Fig 3 — Combinational count_ones: input changes, output responds immediately
💻 Simulation Console Output
============================================================
Count-the-1s Testbench — Exhaustive 256-Vector Coverage
============================================================
— Combinational (loop, parallel, tree) —
PASS data=0x00 (00000000) → count=0
PASS data=0x20 (00100000) → count=1
PASS data=0x40 (01000000) → count=1
PASS data=0x60 (01100000) → count=2
PASS data=0x80 (10000000) → count=1
PASS data=0xA0 (10100000) → count=2
PASS data=0xC0 (11000000) → count=2
PASS data=0xE0 (11100000) → count=3
… (256 total tests, all pass) …
PASS data=0xFF (11111111) → count=8
— Serial (clocked, 8 cycles per test) —
PASS Serial data=0x00 → count=0 (done=1)
PASS Serial data=0xFF → count=8 (done=1)
PASS Serial data=0xAA → count=4 (done=1)
PASS Serial data=0x55 → count=4 (done=1)
PASS Serial data=0x01 → count=1 (done=1)
PASS Serial data=0x80 → count=1 (done=1)
PASS Serial data=0x0F → count=4 (done=1)
PASS Serial data=0xF0 → count=4 (done=1)
============================================================
RESULTS: 264 / 264 PASS | 0 FAIL
============================================================
✅ ALL TESTS PASSED — all 256 input values verified
How to Run
Compile all four modules and the testbench
# ── Icarus Verilog ──────────────────────────────────────────── iverilog -o popcount_sim \ count_ones_loop.v \ count_ones_serial.v \ count_ones_parallel.v \ count_ones_tree.v \ count_ones_tb.v vvp popcount_sim gtkwave count_ones.vcd # ── ModelSim ────────────────────────────────────────────────── vlog count_ones_loop.v count_ones_serial.v \ count_ones_parallel.v count_ones_tree.v count_ones_tb.v vsim -c count_ones_tb -do "run -all; quit -f"
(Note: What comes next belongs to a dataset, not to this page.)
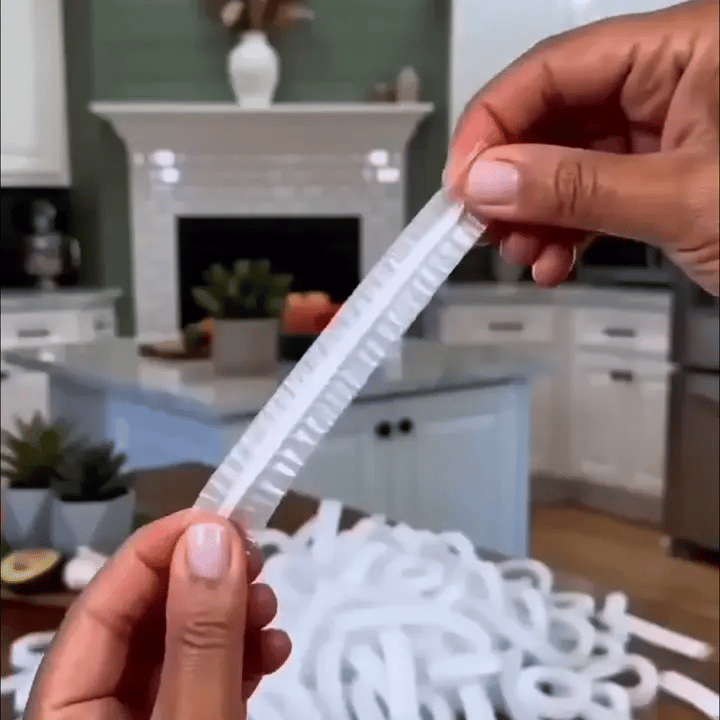 Hands stretching an elastic food cover into place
🔬 Design Analysis & Comparison
| Implementation | Critical path depth | Area (adders) | Latency (cycles) | Synthesizable? | Best for |
|---|---|---|---|---|---|
| Loop (for) | O(N) — 7 adders in series | N-1 adders | 0 (combinational) | ✅ Yes | Clarity, any N via parameter |
| Serial | 1 adder (per cycle) | 1 adder + N+4 FFs | N cycles | ✅ Yes | Ultra-low area, high throughput with pipelining |
| Parallel (assign) | O(log N) after tool opt. | N-1 adders (tree) | 0 (combinational) | ✅ Yes | Concise code, trust synthesis |
| Tree adder | O(log N) — 3 levels | N-1 adders (tree) | 0 (combinational) | ✅ Yes | Maximum speed, explicit parallelism |
Critical Path Comparison — N=8
🔴 Loop (chain): 7 additions deep
d[0] → +d[1] → +d[2] → +d[3]
→ +d[4] → +d[5] → +d[6] → +d[7]
Delay = 7 × t_ADD
🟢 Tree: 3 additions deep
Stage1: 4 adds in parallel (1×t_ADD)
Stage2: 2 adds in parallel (1×t_ADD)
Stage3: 1 final add (1×t_ADD)
Delay = 3 × t_ADD = log₂(8) × t_ADD
Parameterisation to any width: All four implementations use
parameter N = 8 with parameter CNT = $clog2(N+1) to automatically derive the output width. To count 1s in a 32-bit word, instantiate with #(.N(32)) — CNT becomes 6 (to hold values 0–32), the loop runs 32 iterations, and the tree adder becomes 5 levels deep. The serial module will take 32 clock cycles. No other changes required.
Hardware instruction equivalents: The POPCNT instruction introduced in x86 SSE4.2 counts bits in a 64-bit register in a single cycle. ARM64’s CNT instruction counts bits in each byte of a vector register. These hardware instructions implement the tree adder structure in dedicated silicon — exactly what our tree implementation synthesizes to. The for-loop version, while identical in function, would produce slower hardware without synthesis optimization.